Task statement: Please restate word for word all lines from the one containing "Mustard Alluring Zari" to the final line of the entries, and include no pictures.

(Beginning of Extracted records)

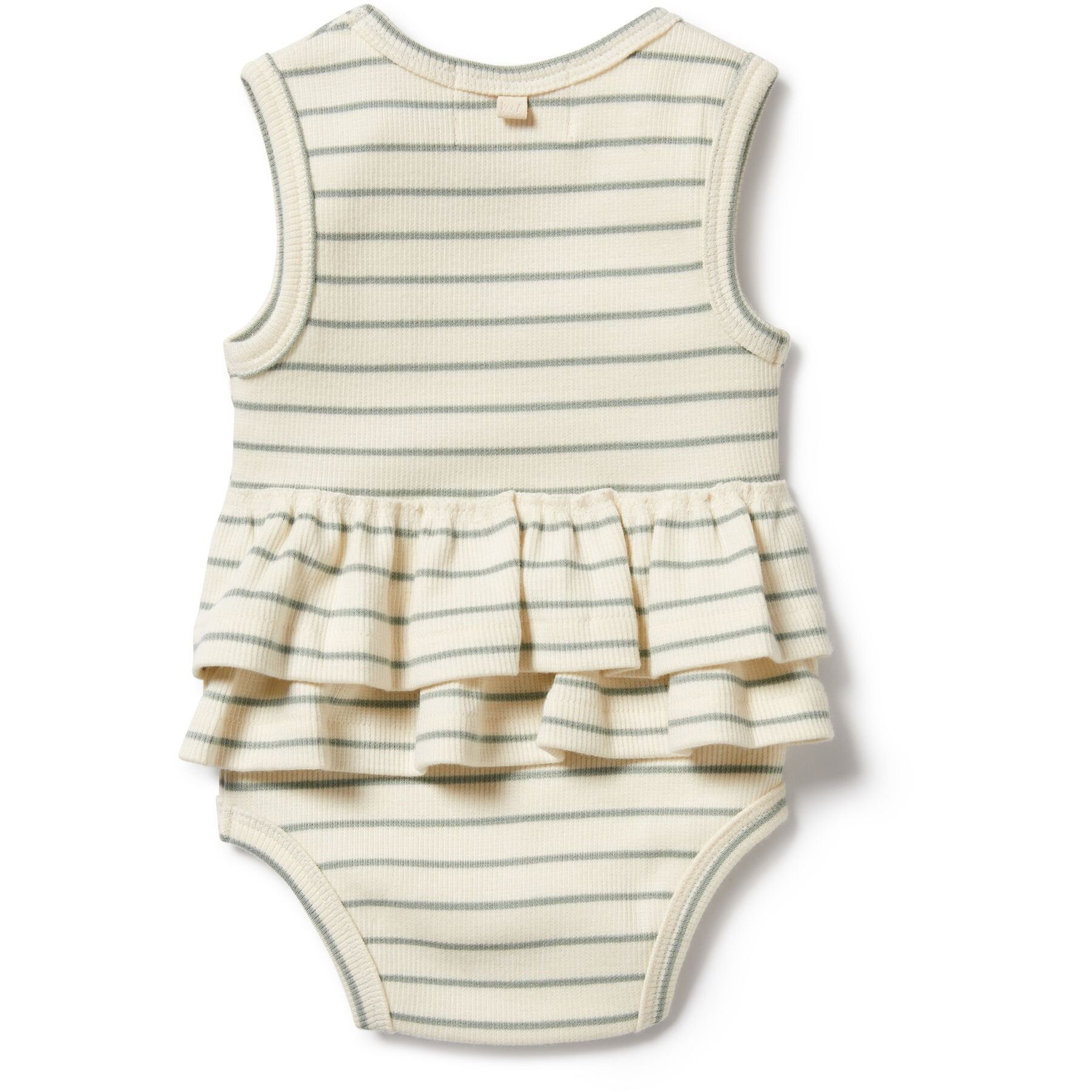 ORGANIC SLEEVELESS RUFFLE BODYSUITS - BEIGE ORGANIC SLEEVELESS RUFFLE BODYSUITS - BEIGE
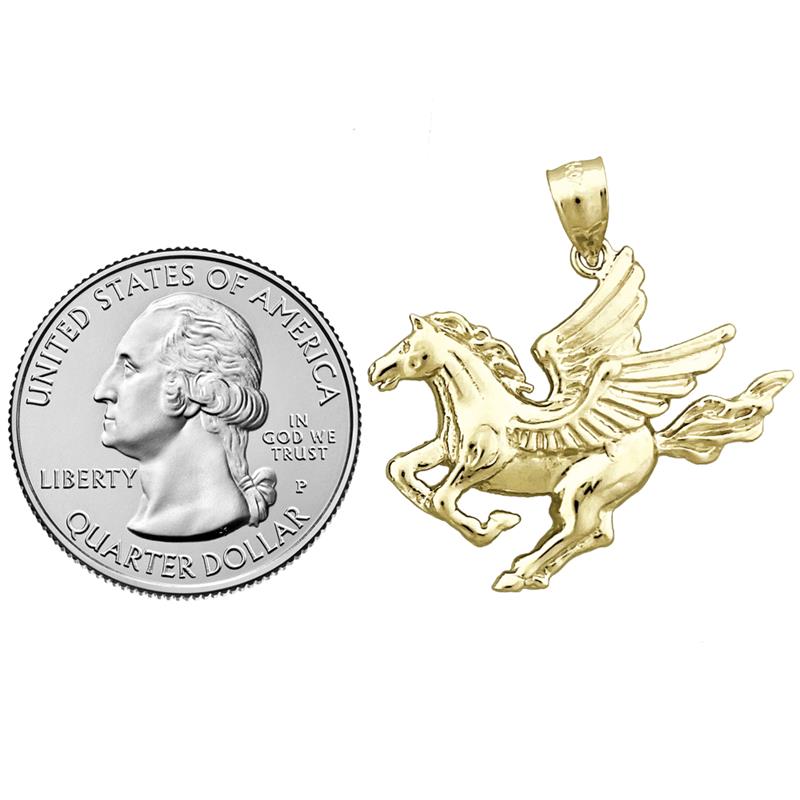 14K Gold Pegasus-Anhänger, 30 mm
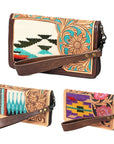 American Darling Organiser Hand Tooled Saddle Blanket Genuine Leather Women Bag Western Handbag Purse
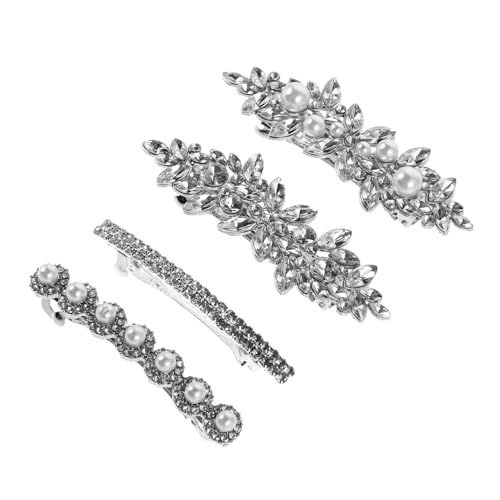 Homoyoyo 4 Stück Strass Haarspange Strass Haarspangen Für Damen Braut Haarspange Clip Metall Silber von Homoyoyo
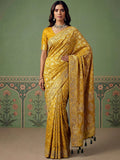 Mustard Alluring Zari Work Silk Event Wear Saree With Blouse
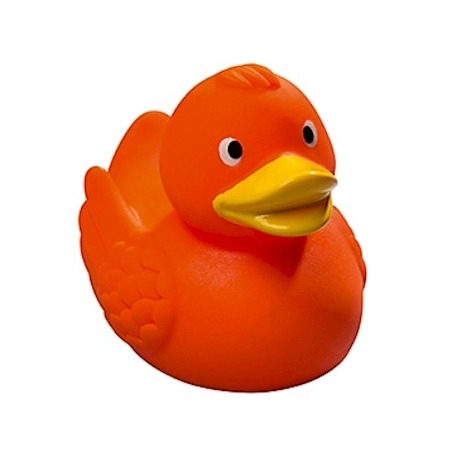 Disco ondanks Snor Badeend Ducky 7,5 cm DR oranje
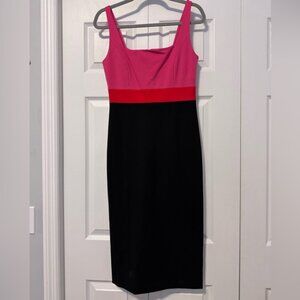 Donna Karan Pink Red and Black Midi Dress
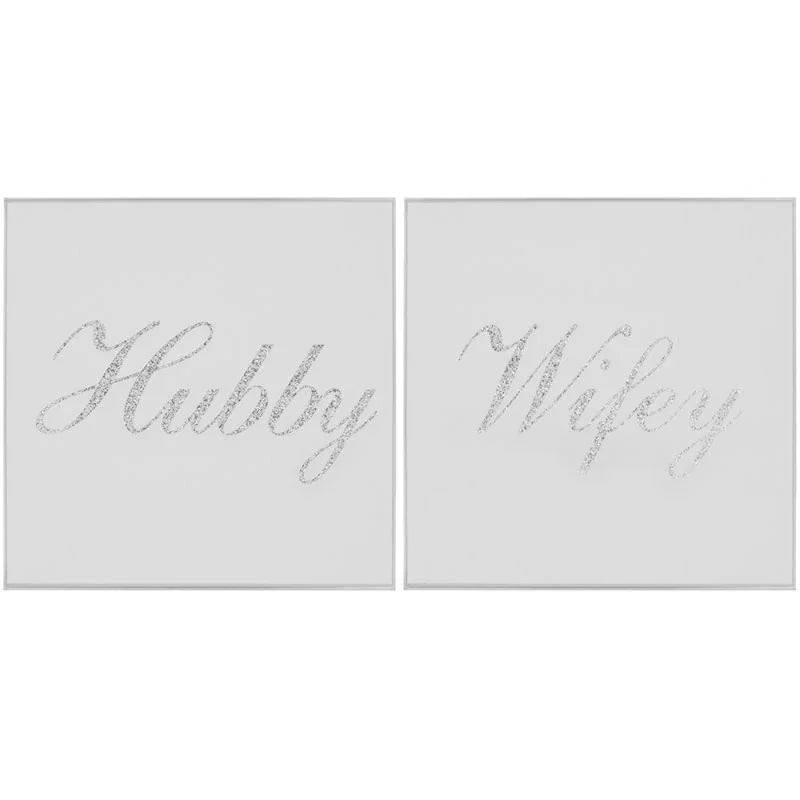 Silver Hubby &amp; Wifey Coasters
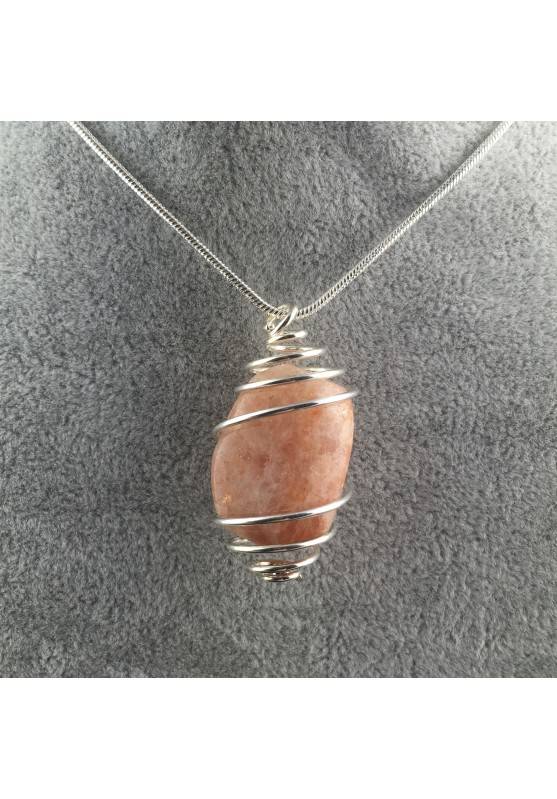 Ciondolo PIETRA DEL SOLE ELIOLITE - LEONE SCORPIONE Zodiaco Spirale Argento A+-1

(End of Extracted records)

Answer box:
 Mustard Alluring Zari Work Silk Event Wear Saree With Blouse
 Disco ondanks Snor Badeend Ducky 7,5 cm DR oranje
 Donna Karan Pink Red and Black Midi Dress
 Silver Hubby &amp; Wifey Coasters
 Ciondolo PIETRA DEL SOLE ELIOLITE - LEONE SCORPIONE Zodiaco Spirale Argento A+-1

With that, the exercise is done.